Luciana destaca a relação entre população e instituições como um dos diferenciais. "Existe uma relação íntima entre governo e sociedade. O povo participa, sente que tem voz e que é ouvido. Isso muda tudo". Para ela, o funcionamento do país depende da lógica coletiva, algo ainda distante no Brasil. "A Islândia funciona porque o povo acredita nas estruturas e age pensando no coletivo", afirma. "No Brasil, ainda somos muito marcados por uma lógica individualista, que acaba enfraquecendo a cidadania."
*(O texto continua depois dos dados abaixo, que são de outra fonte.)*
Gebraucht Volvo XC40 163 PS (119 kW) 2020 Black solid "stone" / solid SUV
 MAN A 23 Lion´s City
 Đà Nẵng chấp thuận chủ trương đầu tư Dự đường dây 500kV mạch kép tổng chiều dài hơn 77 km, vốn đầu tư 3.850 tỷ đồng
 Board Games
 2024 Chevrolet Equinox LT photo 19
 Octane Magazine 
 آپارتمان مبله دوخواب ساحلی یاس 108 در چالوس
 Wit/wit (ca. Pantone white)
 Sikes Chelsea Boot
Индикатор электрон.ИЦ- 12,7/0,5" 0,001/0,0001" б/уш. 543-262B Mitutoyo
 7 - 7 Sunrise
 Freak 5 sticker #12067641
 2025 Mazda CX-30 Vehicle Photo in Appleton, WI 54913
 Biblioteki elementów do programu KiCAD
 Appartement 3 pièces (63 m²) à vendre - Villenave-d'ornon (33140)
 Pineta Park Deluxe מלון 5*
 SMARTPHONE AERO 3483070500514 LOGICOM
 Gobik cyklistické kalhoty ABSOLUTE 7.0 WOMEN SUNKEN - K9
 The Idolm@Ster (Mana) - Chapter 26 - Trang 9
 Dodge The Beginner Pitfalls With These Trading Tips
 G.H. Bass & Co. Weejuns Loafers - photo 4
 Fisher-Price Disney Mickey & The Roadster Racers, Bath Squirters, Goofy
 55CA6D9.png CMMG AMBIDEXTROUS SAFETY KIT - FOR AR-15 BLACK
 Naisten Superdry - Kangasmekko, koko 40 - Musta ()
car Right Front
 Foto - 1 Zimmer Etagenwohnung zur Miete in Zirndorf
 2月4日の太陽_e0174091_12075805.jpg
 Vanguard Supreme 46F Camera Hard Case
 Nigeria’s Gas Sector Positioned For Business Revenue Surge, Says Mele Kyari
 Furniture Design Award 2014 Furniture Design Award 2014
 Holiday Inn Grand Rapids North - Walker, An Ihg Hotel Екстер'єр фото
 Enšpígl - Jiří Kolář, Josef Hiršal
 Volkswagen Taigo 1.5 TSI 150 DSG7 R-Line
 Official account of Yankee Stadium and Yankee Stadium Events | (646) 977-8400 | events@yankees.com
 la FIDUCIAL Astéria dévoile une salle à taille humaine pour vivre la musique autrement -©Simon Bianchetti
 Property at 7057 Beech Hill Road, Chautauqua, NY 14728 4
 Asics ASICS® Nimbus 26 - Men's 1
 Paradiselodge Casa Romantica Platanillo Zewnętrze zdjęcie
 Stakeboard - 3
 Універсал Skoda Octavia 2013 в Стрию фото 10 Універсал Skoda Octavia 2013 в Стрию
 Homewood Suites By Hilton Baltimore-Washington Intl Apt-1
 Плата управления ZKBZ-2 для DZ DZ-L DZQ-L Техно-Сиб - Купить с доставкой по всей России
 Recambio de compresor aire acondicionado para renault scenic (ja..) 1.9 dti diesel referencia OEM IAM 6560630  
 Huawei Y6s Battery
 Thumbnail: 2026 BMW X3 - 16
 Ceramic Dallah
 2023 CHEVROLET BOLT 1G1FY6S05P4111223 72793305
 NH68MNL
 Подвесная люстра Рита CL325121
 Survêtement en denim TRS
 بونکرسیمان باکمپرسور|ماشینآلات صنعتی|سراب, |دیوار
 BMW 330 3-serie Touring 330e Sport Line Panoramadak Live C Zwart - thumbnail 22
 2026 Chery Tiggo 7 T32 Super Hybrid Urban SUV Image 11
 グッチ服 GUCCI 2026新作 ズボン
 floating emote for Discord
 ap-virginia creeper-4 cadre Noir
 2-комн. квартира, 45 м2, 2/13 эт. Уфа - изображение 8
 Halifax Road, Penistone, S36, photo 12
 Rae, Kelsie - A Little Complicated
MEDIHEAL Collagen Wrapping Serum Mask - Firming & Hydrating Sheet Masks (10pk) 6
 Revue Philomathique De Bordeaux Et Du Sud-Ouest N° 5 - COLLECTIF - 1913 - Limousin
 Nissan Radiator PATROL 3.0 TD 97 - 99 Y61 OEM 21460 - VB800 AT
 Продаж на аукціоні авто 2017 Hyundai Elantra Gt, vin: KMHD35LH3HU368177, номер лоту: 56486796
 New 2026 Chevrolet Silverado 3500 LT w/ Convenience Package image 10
O estilo de vida simples e a forte conexão com a natureza influenciam o bem-estar da população. "A Islândia tem um ritmo próprio. A vida lá é mais silenciosa, mais prática, mais conectada com a natureza", diz Luciana. "É quase um antídoto contra o caos".

Mesmo diante de tanto encantamento, a saudade da terra natal ainda fala alto em alguns momentos. "Sinto falta da minha família, e claro, da comida brasileira. Mas não abro mão do ar puro, da natureza exuberante e da liberdade de ir e vir", afirma Luciana. Anna também sente falta de algo mais sutil — e, para ela, profundamente brasileiro. "Sinto saudade da forma leve de viver dos cariocas. O humor, o afeto espontâneo e de falar com qualquer um — isso é muito único".

Hoje ambas possuem agências de turismo que ajudam brasileiros a explorar o país com segurança e informação. "A Islândia não é só um país. É um universo à parte", afirma Luciana. "Já vi centenas de auroras boreais e ainda me emociono. É impossível não se sentir pequeno diante daquela natureza."

Anna resume a filosofia de vida local com uma expressão islandesa: þetta reddast. "Significa 'tudo vai ficar bem no final'. É assim que eles vivem — e foi isso que encontrei aqui", afirma.